Ich kann Charlotte Knobloch jetzt nicht fragen, was ihr heute durch den Kopf geht angesichts solcher Vorkommnisse, wie sie jetzt wieder in Deutschland passieren, angesichts antisemitischer Schmierereien, Drohungen gegen Juden, einer Partei wie der AfD, die in allen Parlamenten sitzt und die einen Björn Höcke in ihren Führungsgremien hat, den man laut Gericht einen Faschisten nennen darf. Aber ich kann verstehen, dass sich Angst breit macht bei Menschen jüdischen Glaubens, die Sorge aufkeimt, dass aus dem „Nie wieder“ ein „Schon wieder“ oder „Immer wieder“ werden könnte. Ist es wieder so weit, dass Jüdinnen und Juden Angst haben müssen, weil sie Juden sind?
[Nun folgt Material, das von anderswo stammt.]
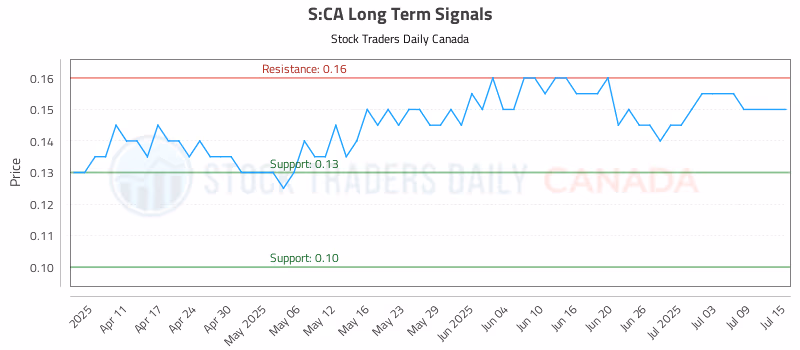 Stock Chart for S:CA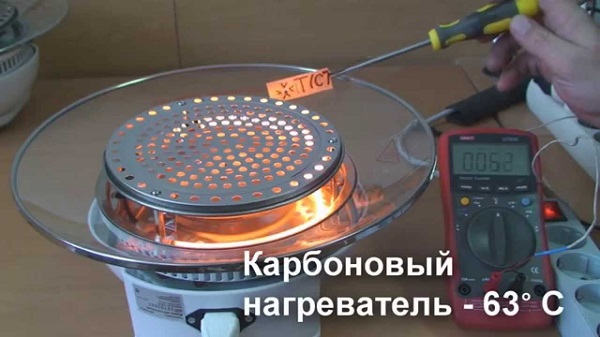 Въглероден нагревател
Für mich ist es unfassbar, was da wieder passiert, wenn ich daran denke, was unter der Diktatur der Nazis alles geschehen ist. Es macht mich sprachlos, dass einer wie Hubert Aiwanger auf vermehrte Zustimmung stieß, obwohl man ihm zumindest anlasten darf, ein ekelhaftes, antisemitisches Flugblatt in der Schultasche getragen zu haben, wenn auch als 17jähriger Schüler. Ober muss ich zuspitzen, weil? Dass dieser Aiwanger nicht in der Lage war, sich frühzeitig und glaubhaft von diesem Schmutzblatt zu distanzieren, hat mich geschockt. Und dass dieser Chef der Freien Wähler mitten in dieser Affäre, die seinen Namen trug, wieder auf die Podien der Bierzelte stürmte und seine Parolen ins Wahlvolk dröhnte, hat mich entsetzt. Und dass er dann noch mit mehr Stimmen der Wähler belohnt wurde, erneut mit der CSU die bayerische Staatsregierung bilden konnte mit ihm, Aiwanger, als Minister und stellvertretendem Ministerpräsidenten des Freistaats Bayern, lässt mich ziemlich verzweifeln. Macht geht vor Moral, wollte uns Markus Söder wohl damit signalisieren. Wer dieses schmutzige Schauspiel verfolgt hat, den wundert nichts mehr. Dass Charlotte Knobloch Aiwangers angebotene Entschuldigung nicht annahm, fand ich richtig. Von wegen Demokratie zurückholen! ,
Im Land der Täter
Ich bewundere den Mut von Charlotte Knobloch, dass sie in München geblieben ist, im Land der Täter, die den Jüdinnen und Juden das Leben damals zur Hölle machten. Fritz Neuland, der Vater, war für seinen Einsatz im Ersten Weltkrieg mit Orden ausgezeichnet worden. Der Jurist Neuland war ein angesehener Anwalt in der bayerischen Metropole, seine Kanzlei am Stachus erfolgreich. Neuland traut den Nazis nicht, dem Adolf Hitler, aber er verlässt sich auf die deutsche Rechtsprechung. Ja, hätten nur alle „Mein Kampf“ gelesen, dann hätten sie gewusst, was dieser braune Geselle vorhatte. Und es dann umsetzte. So die Verfolgung der Juden, den Entzug aller Rechte, er machte sie vogelfrei, Ärzte und Anwälte verloren ihre Stellungen, sie durften nicht mehr mit der Trambahn fahren, noch sich auf Bänke setzen, sie wurden enteignet. Ein Prozess, der über Jahre lief. Der 9. November 1938 war ein Höhepunkt bei der Jagd der Nazis auf Juden. Knobloch schildert die Vorgeschichte mit der Ermordung des deutschen Diplomaten Ernst von Rath durch Herschl Grynzspan, eine Reaktion auf die über Nacht erfolgte Ausweisung von 15000 jüdischen Polen aus Deutschland ins deutsch-polnische Niemandsland. Hitler und Goebbels feierten im Münchner Alten Rathaus wie jedes Jahr ihren gescheiterten Putsch vom 9. November 1923. Dann kam die Nachricht aus Paris. Goebbels, wohl von Hitler inspiriert, verließ den Ort und organisierte den „Volkszorn“ gegen die Juden, den die Nazis seit langem mit antisemitischen Parolen und Erlassen geschürt hatten.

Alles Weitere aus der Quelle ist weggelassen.